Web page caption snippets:
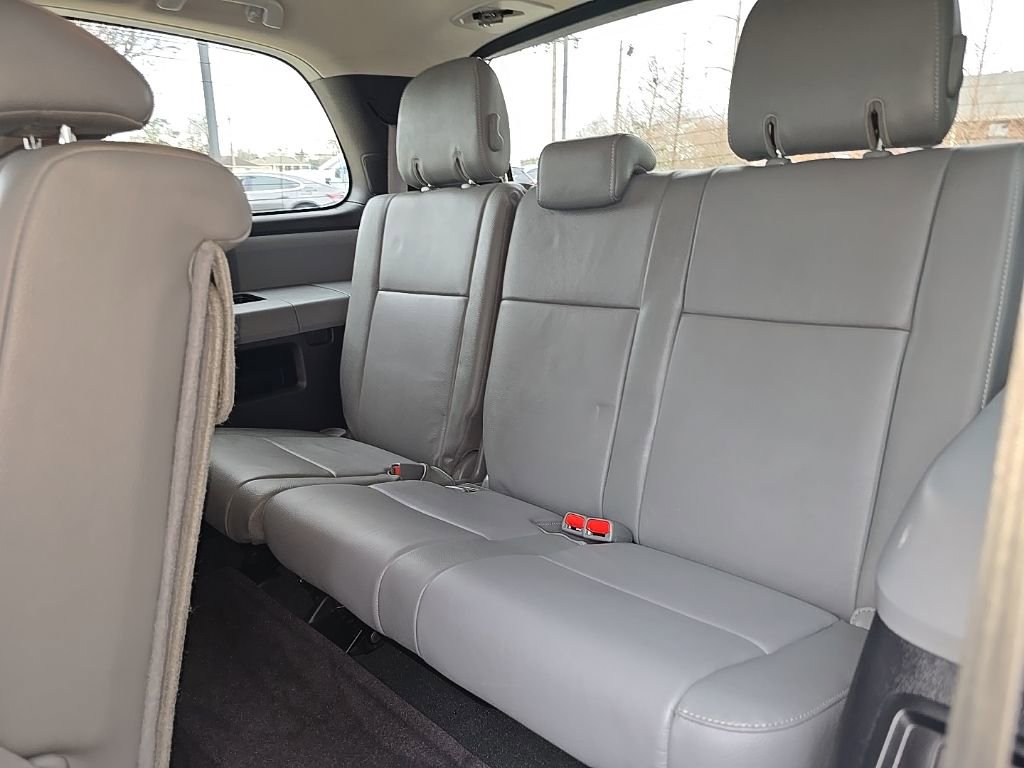 Used 2019 Toyota Sequoia SR5 w/ Premium Package image 19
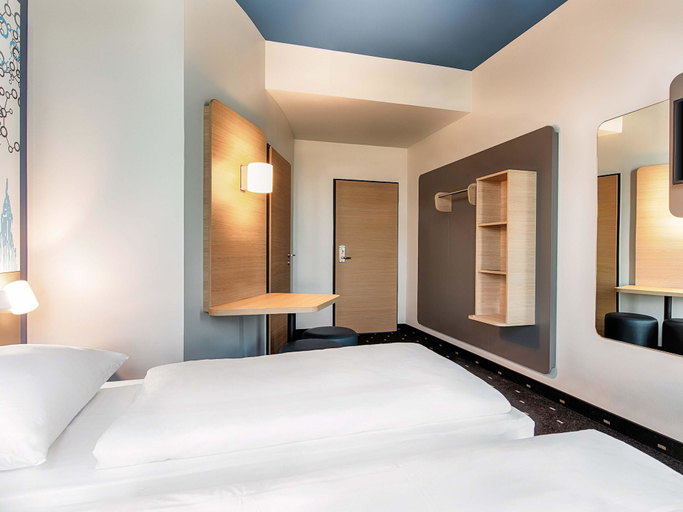 Bedroom 3, B&B Hotel Ulm, Ulm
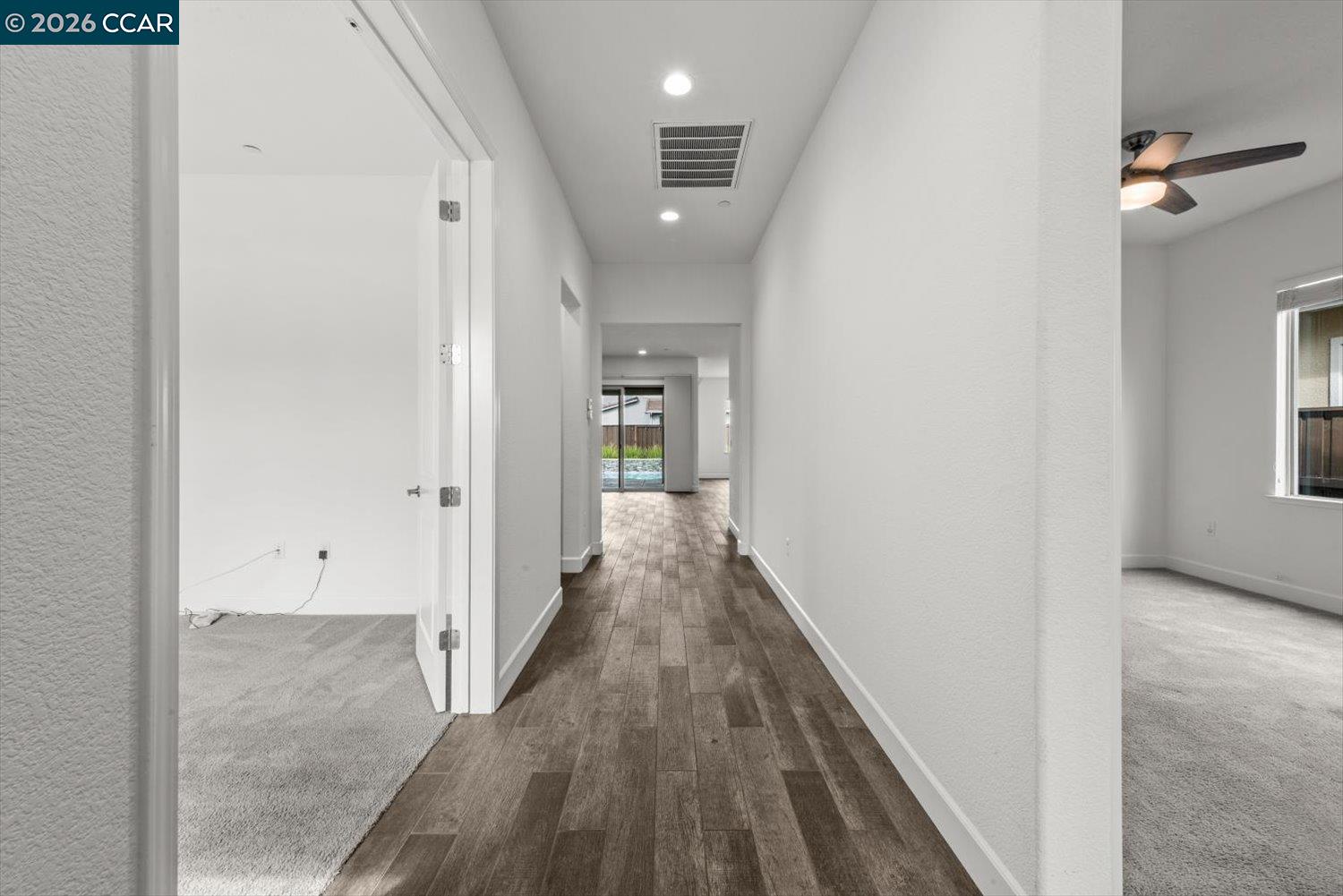 Detail Gallery Image 4 of 60 For 9466 Davenport Cir, Discovery Bay,  CA 94505 - 3 Beds | 2/1 Baths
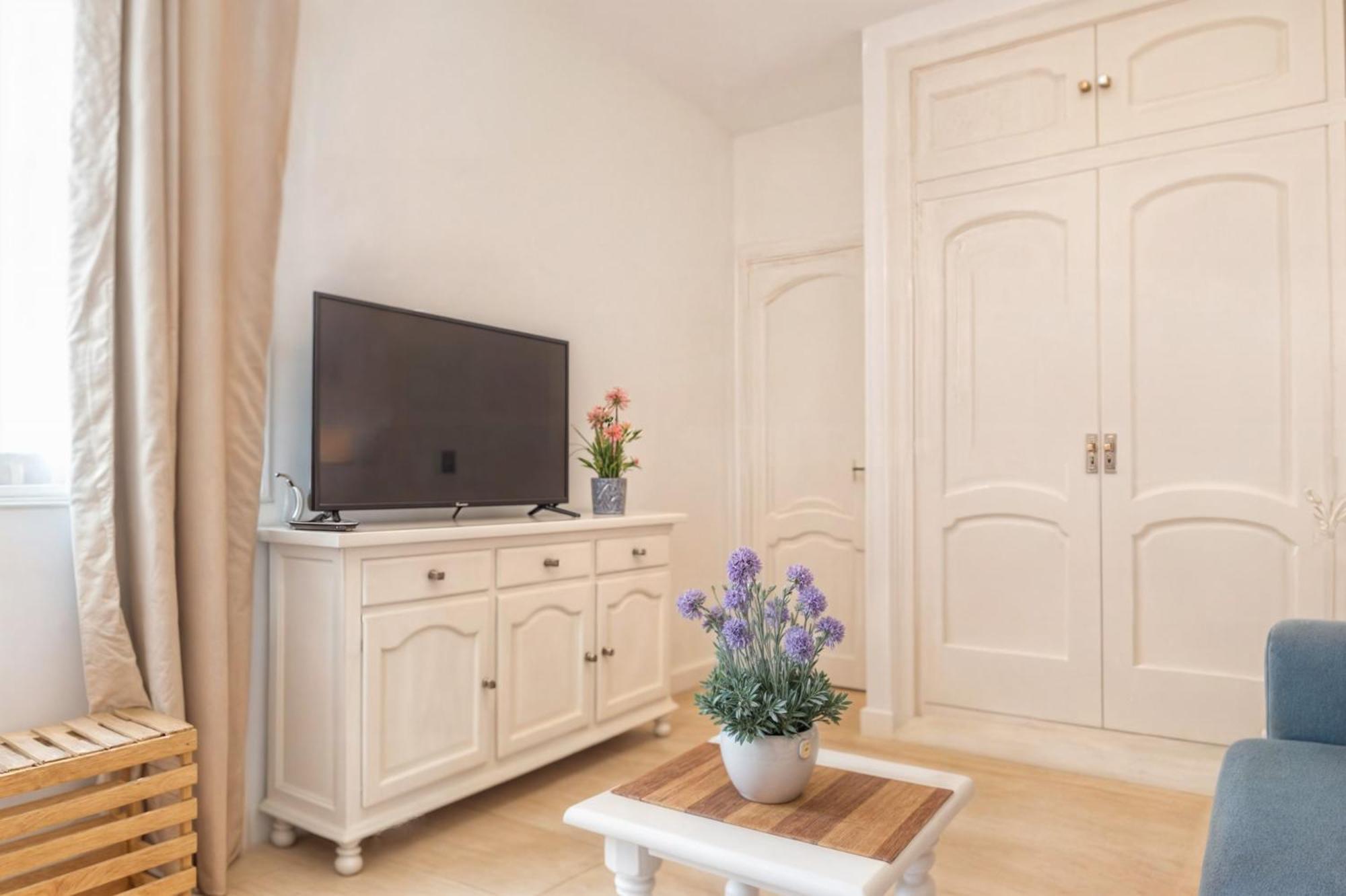Apartment Juan Apartment-coastal Refuge By The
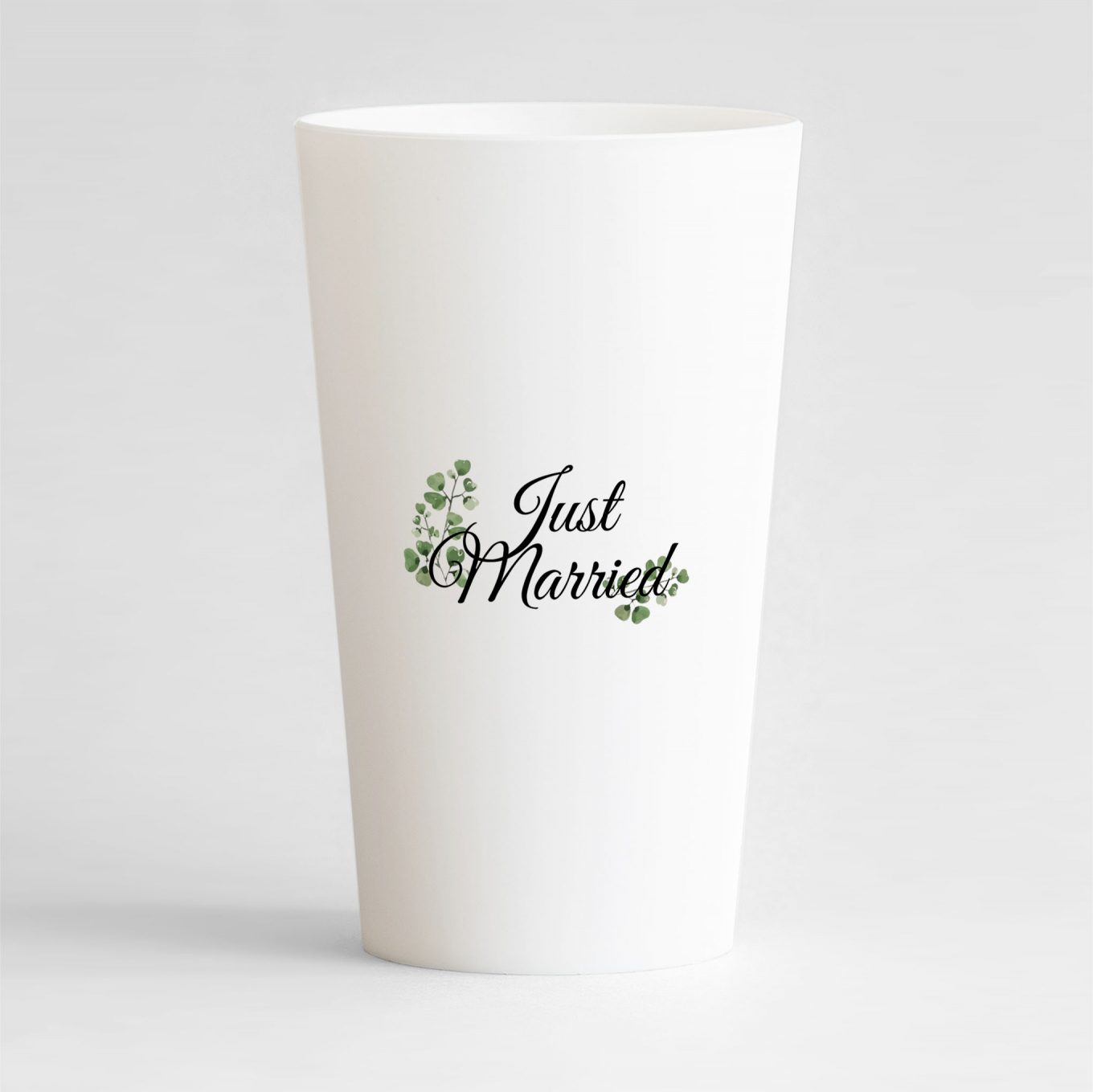 Un ecocup blanc de dos avec l'inscription just married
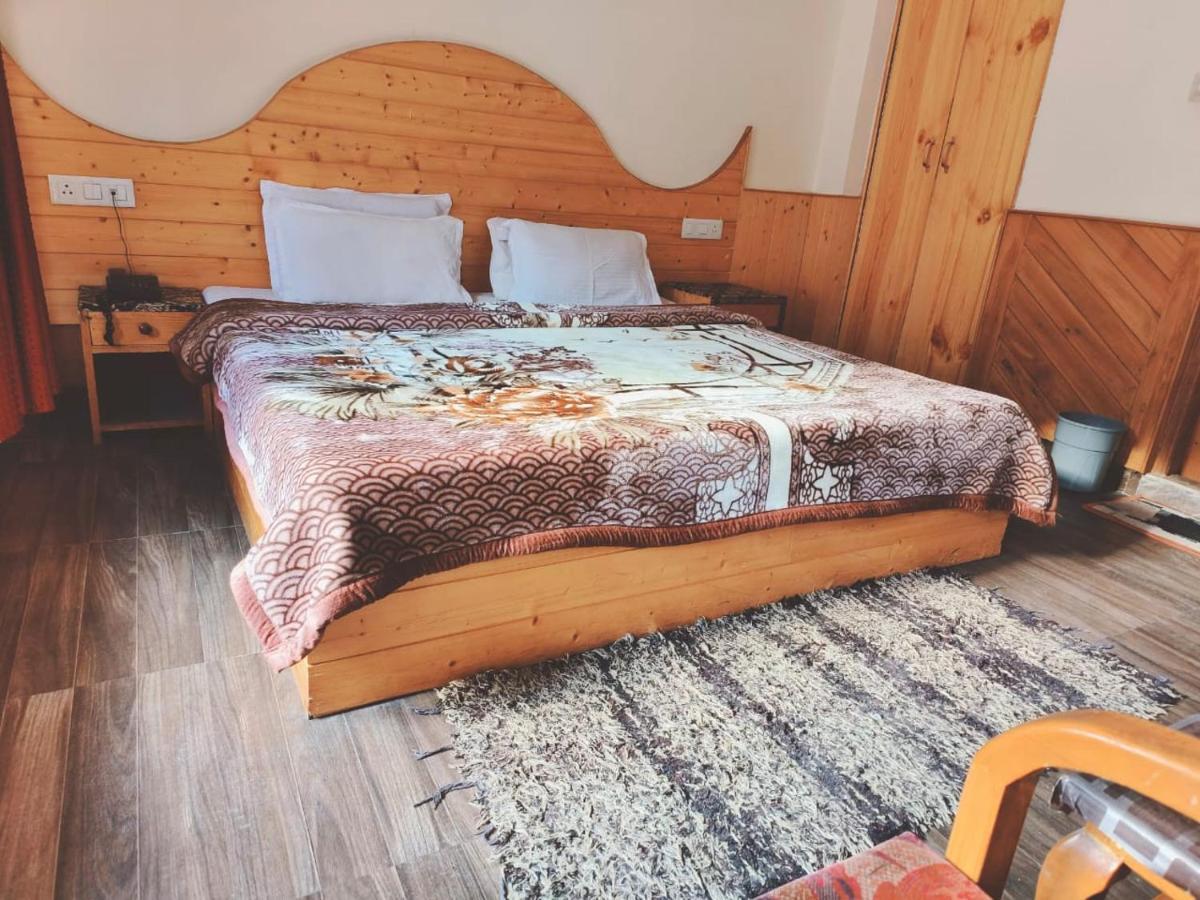 Hotel Hadimba Regency ! Free 4 Wheeler Parking ! Mountain View Rooms ! Near Mall Road Manali Exterior photo
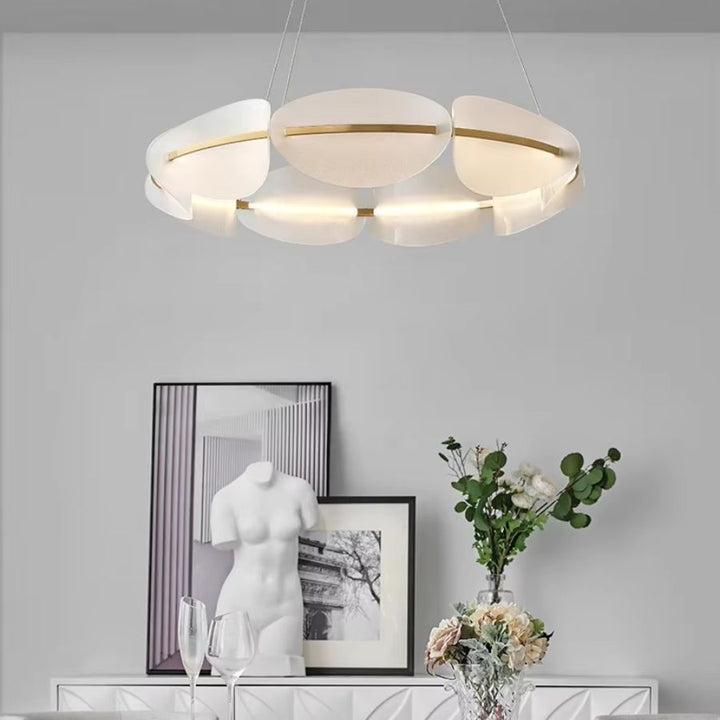 Élégante suspension à pétales blancs soulignés de doré, au design floral contemporain et lumineux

Your objective: The copy must match every line of the data exactly and contain no pictures.

Solution to this exercise:
 Used 2019 Toyota Sequoia SR5 w/ Premium Package image 19
 Bedroom 3, B&B Hotel Ulm, Ulm
 Detail Gallery Image 4 of 60 For 9466 Davenport Cir, Discovery Bay,  CA 94505 - 3 Beds | 2/1 Baths
Apartment Juan Apartment-coastal Refuge By The
 Un ecocup blanc de dos avec l'inscription just married
 Hotel Hadimba Regency ! Free 4 Wheeler Parking ! Mountain View Rooms ! Near Mall Road Manali Exterior photo
 Élégante suspension à pétales blancs soulignés de doré, au design floral contemporain et lumineux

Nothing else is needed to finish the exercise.